I usually stay as far away from vendor-sponsored events at conferences as possible but this year I was invited to a luncheon at the TIES conference sponsored by Promethean and First Tech. I know the folks at First Tech and am friendly with them even though I am highly critical of their products and how their partner Promethean targets schools. I know that for both of these companies the bottom line is the bottom line and for them its all business, nothing personal. But I don't make that distinction myself. I see what these companies do in their rigorous marketing to schools and how they use tactics that might be in their best interest as a company but which might be antithetical to good teaching and learning decisions. It is their propaganda that fuels district IWB initiatives, not sound pedagogical decision making. Its not that I don't like the products they sell, I just don't like how their marketing gimmicks often turn into school policy. To them, when a district decides to cut one or two media specialists so they can afford IWBs in each classroom its just business, nothing personal. But, to that media specialist or to the kids they serve its not business, it is very personal.

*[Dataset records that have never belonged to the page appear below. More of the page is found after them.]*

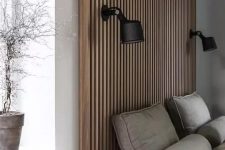 a contemporary neutral bedroom with a wood slat accent wall that features a couple of sconces, a grey upholstered bed and grey bedding, a potted plant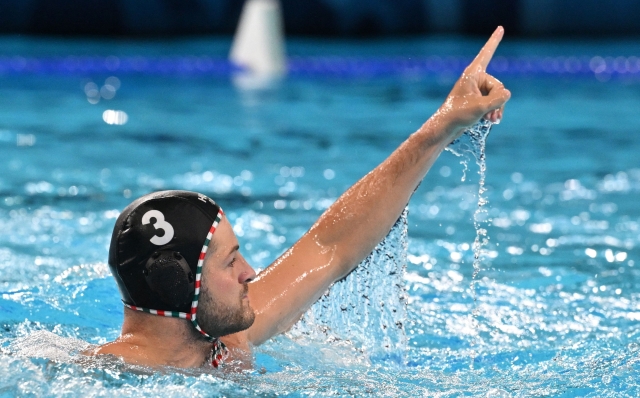 Hungary's #03 Krisztian Manhercz celebrates after scoring in the men's water polo preliminary round group B match between Australia and Hungary during the Paris 2024 Olympic Games at the Aquatics Centre in Saint-Denis, north of Paris, on August 3, 2024. (Photo by Andreas SOLARO / AFP)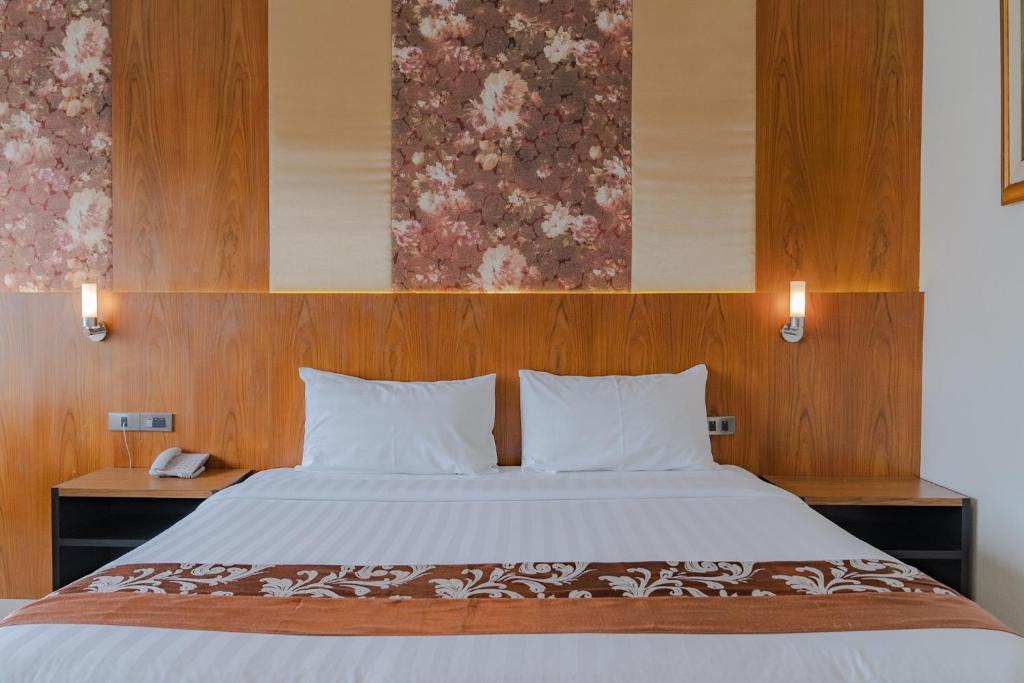 a bedroom with a large bed with wood paneling at Forum Park Hotel in Bangkok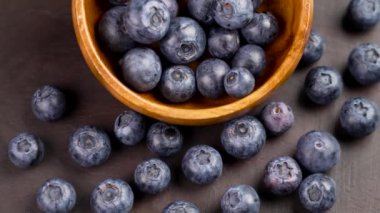 Tahta bir kaseye serpilmiş taze yaban mersini. Sulu dut meyveleri kapanıyor. Döndürme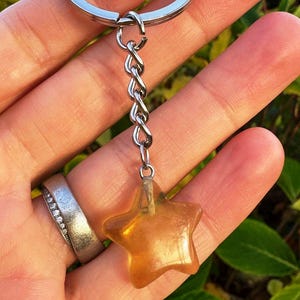 May include: A keyring with a silver chain and a star-shaped charm. The charm is a translucent amber colour. The keyring is held in a hand, with a silver ring visible on a finger.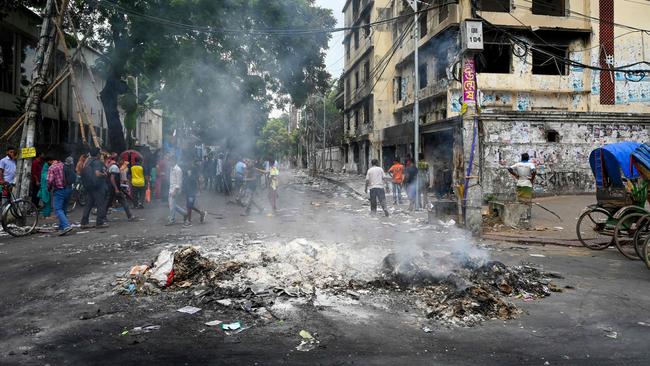 Smoke billows near burnt Awami League office in Dhaka. Picture: AFP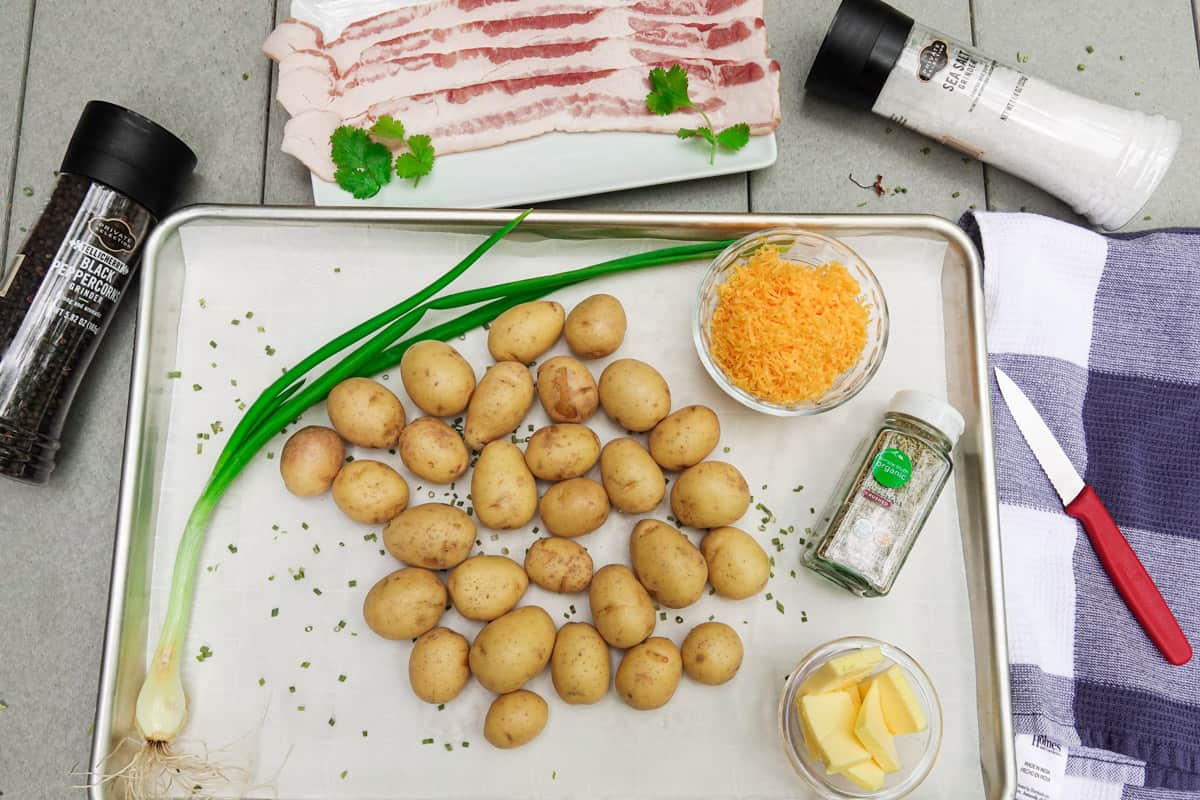 Petite gold potatoes on baking sheet with bacon, green onion, butter, and cheese surrounding the dish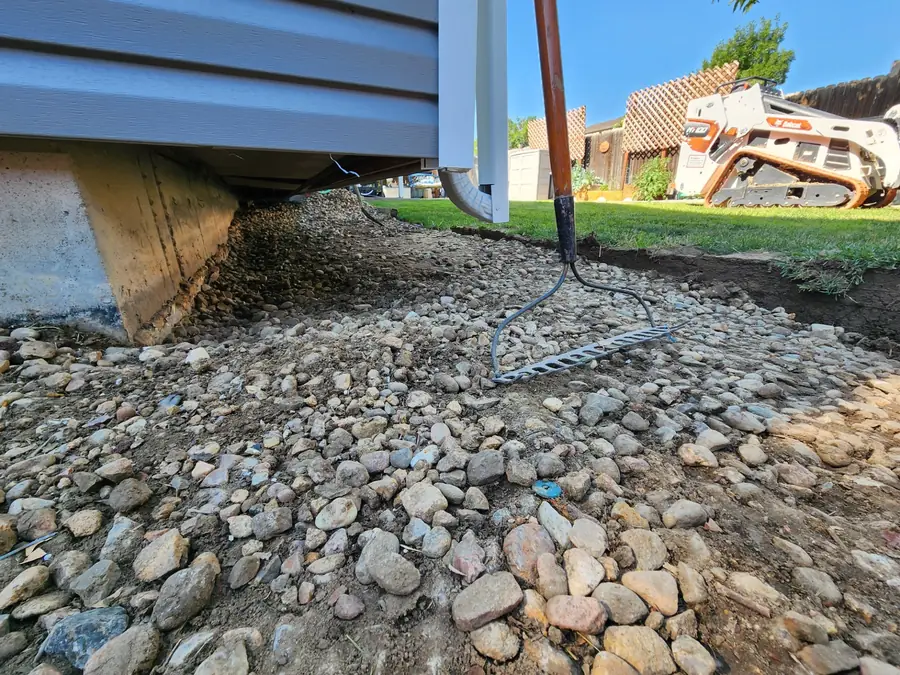 A river-rock drainage bed along the side of a house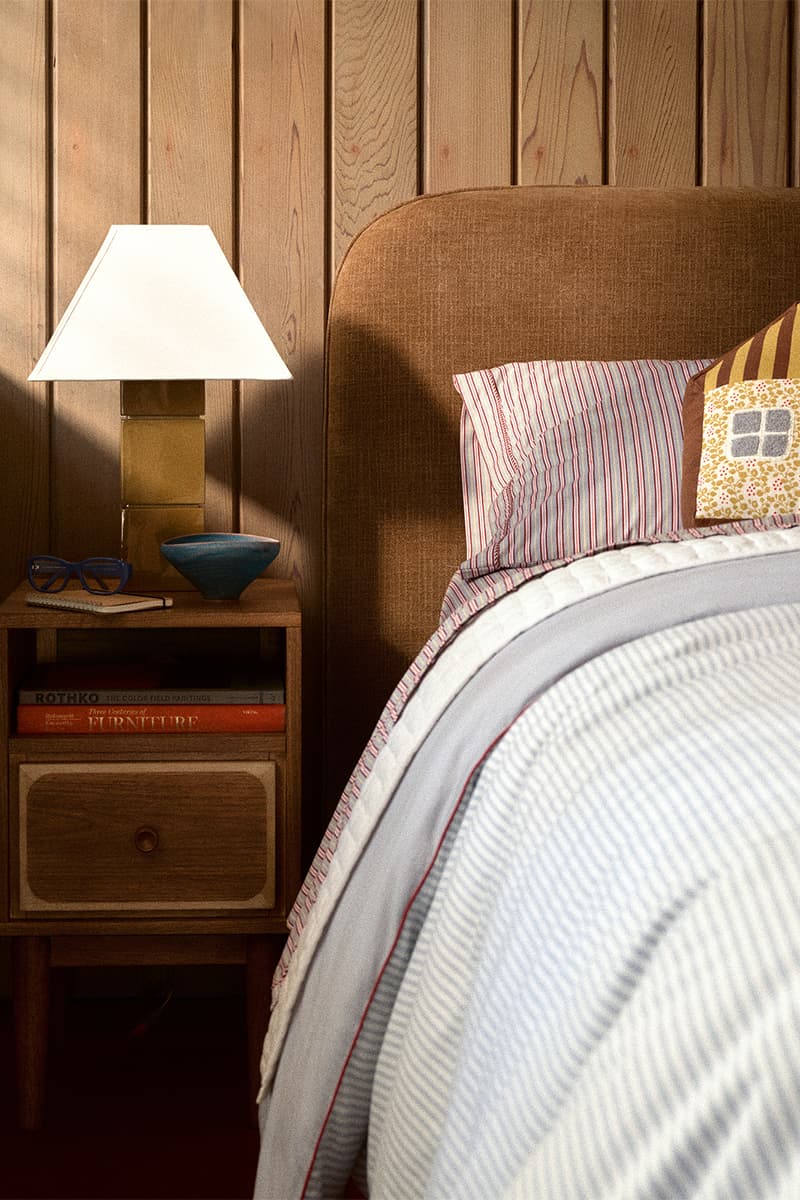 Chambre avec lampe sur table de chevet et lit aux draps rayés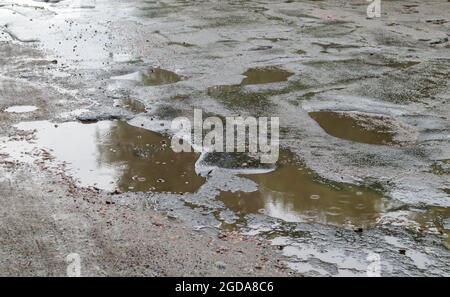 Un buco pieno d'acqua in una strada asfaltata. Una giornata piovosa in una grande città, le auto stanno guidando lungo la vecchia strada. Cattiva strada con asfalto in buche e buche tha Foto Stock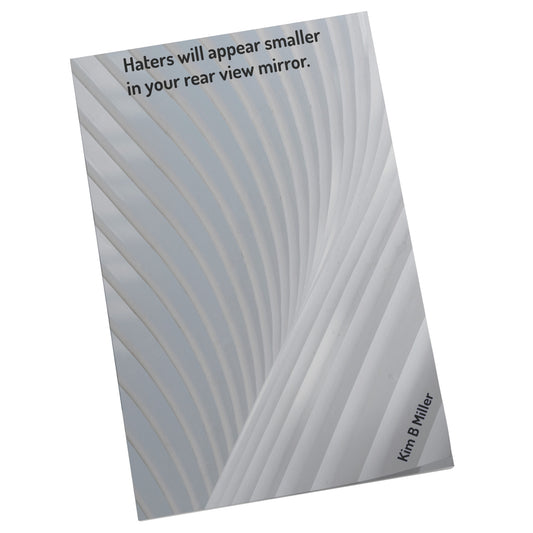 One, 4" x 6" sticky note featuring Kim B Miller’s affirmation, “Haters will appear smaller in your rear view mirror,” printed in full color on the front, angled view.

So, I agreed to come their luncheon and largely because I wanted to hear what edtech policies were being drafted from their marketing department so I could know what to expect from school districts in the near future. This year their big unveiling was a partnership with Chanel One. If you never attended or worked in a Chanel One school Chanel One was a huge venture from the early 1990s. Their business model was that they would give each school a television set for each classroom in the school in exchange for showing a 15 minute news broadcast to the kids that was made especially for the kids. And of course all this was made possible with advertising. Sure the schools got free technology but at the price of forcing kids to sit through propaganda designed to make them want certain products or make certain choices. In a way it was the Google Adsense model of marketing even before there was a Google.
On a side note, this was also where Anderson Cooper started his career:
Promethean said they were in the early stages of this partnership and are still developing what the final product will look like. So far they have made the Chanel One broadcasts much more interactive and will provide daily lesson plans with flipcharts and activities that work with the ActiveVote and ActiveExpression devices and are tailored to the day's current events. I suspect over time this will also mean that they will run promotions for schools to receive IWBs at a much greater rate, or perhaps signing on to Channel One will come with it a free set of student response systems or something. How many schools will take the bait? It does sound tempting but I also fear what this does to the teacher-student-content relationship. Somehow letting marketing experts write curriculum leaves a bad taste in my mouth. At least the lunch wasn't bad.
What do you think? Is a Chanel One partnership with Promethean good, bad, or ugly?